::: Records to use :::

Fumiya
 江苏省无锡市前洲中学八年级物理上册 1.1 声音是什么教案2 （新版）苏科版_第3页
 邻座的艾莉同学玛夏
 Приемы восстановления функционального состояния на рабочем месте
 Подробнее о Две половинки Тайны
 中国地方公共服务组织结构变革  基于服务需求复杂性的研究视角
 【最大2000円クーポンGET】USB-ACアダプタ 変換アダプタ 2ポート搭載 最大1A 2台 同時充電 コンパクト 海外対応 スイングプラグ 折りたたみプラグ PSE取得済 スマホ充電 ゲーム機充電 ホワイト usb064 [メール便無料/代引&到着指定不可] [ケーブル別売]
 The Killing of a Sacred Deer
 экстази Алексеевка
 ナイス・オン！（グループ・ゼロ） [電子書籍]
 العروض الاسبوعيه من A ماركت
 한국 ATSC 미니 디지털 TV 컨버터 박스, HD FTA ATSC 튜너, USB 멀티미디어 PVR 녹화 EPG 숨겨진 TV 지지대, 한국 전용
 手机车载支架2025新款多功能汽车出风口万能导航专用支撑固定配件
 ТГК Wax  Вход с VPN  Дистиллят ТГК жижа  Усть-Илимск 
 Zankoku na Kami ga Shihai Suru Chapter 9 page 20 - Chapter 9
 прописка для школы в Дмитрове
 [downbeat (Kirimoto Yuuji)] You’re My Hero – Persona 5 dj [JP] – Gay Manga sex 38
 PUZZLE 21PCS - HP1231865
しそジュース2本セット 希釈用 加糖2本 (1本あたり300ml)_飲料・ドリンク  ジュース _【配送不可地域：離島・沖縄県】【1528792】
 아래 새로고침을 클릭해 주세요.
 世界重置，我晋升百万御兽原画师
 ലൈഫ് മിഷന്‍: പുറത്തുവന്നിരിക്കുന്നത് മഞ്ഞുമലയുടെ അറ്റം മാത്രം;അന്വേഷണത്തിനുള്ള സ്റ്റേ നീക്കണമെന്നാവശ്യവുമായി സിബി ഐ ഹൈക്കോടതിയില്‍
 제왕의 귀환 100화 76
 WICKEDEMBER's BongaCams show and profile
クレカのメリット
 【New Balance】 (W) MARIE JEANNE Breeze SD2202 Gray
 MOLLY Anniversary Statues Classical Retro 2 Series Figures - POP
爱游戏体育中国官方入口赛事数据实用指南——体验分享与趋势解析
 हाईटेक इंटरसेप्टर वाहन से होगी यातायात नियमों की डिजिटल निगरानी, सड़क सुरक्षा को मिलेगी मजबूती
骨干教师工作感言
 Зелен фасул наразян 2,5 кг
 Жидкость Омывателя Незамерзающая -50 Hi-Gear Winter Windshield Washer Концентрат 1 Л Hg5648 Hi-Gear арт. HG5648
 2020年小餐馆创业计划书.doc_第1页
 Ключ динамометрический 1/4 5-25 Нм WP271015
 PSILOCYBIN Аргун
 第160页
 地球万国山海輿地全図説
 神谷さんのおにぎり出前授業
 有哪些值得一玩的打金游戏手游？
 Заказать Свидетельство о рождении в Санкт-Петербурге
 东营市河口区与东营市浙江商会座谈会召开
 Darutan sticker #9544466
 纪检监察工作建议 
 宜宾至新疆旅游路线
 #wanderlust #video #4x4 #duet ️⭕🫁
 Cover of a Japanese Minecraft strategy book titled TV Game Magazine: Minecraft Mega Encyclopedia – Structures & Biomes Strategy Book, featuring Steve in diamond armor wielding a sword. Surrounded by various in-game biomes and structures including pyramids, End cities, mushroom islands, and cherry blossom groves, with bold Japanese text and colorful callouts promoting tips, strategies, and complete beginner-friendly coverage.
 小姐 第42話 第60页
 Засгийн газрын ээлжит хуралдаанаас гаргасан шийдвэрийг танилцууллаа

:::

Find "WICKEDEMBER's BongaCams show and profile" in the entries above, then repeat its line and all lines after it exactly, down to the last line.

> _Result for this task_
 WICKEDEMBER's BongaCams show and profile
クレカのメリット
 【New Balance】 (W) MARIE JEANNE Breeze SD2202 Gray
 MOLLY Anniversary Statues Classical Retro 2 Series Figures - POP
爱游戏体育中国官方入口赛事数据实用指南——体验分享与趋势解析
 हाईटेक इंटरसेप्टर वाहन से होगी यातायात नियमों की डिजिटल निगरानी, सड़क सुरक्षा को मिलेगी मजबूती
骨干教师工作感言
 Зелен фасул наразян 2,5 кг
 Жидкость Омывателя Незамерзающая -50 Hi-Gear Winter Windshield Washer Концентрат 1 Л Hg5648 Hi-Gear арт. HG5648
 2020年小餐馆创业计划书.doc_第1页
 Ключ динамометрический 1/4 5-25 Нм WP271015
 PSILOCYBIN Аргун
 第160页
 地球万国山海輿地全図説
 神谷さんのおにぎり出前授業
 有哪些值得一玩的打金游戏手游？
 Заказать Свидетельство о рождении в Санкт-Петербурге
 东营市河口区与东营市浙江商会座谈会召开
 Darutan sticker #9544466
 纪检监察工作建议 
 宜宾至新疆旅游路线
 #wanderlust #video #4x4 #duet ️⭕🫁
 Cover of a Japanese Minecraft strategy book titled TV Game Magazine: Minecraft Mega Encyclopedia – Structures & Biomes Strategy Book, featuring Steve in diamond armor wielding a sword. Surrounded by various in-game biomes and structures including pyramids, End cities, mushroom islands, and cherry blossom groves, with bold Japanese text and colorful callouts promoting tips, strategies, and complete beginner-friendly coverage.
 小姐 第42話 第60页
 Засгийн газрын ээлжит хуралдаанаас гаргасан шийдвэрийг танилцууллаа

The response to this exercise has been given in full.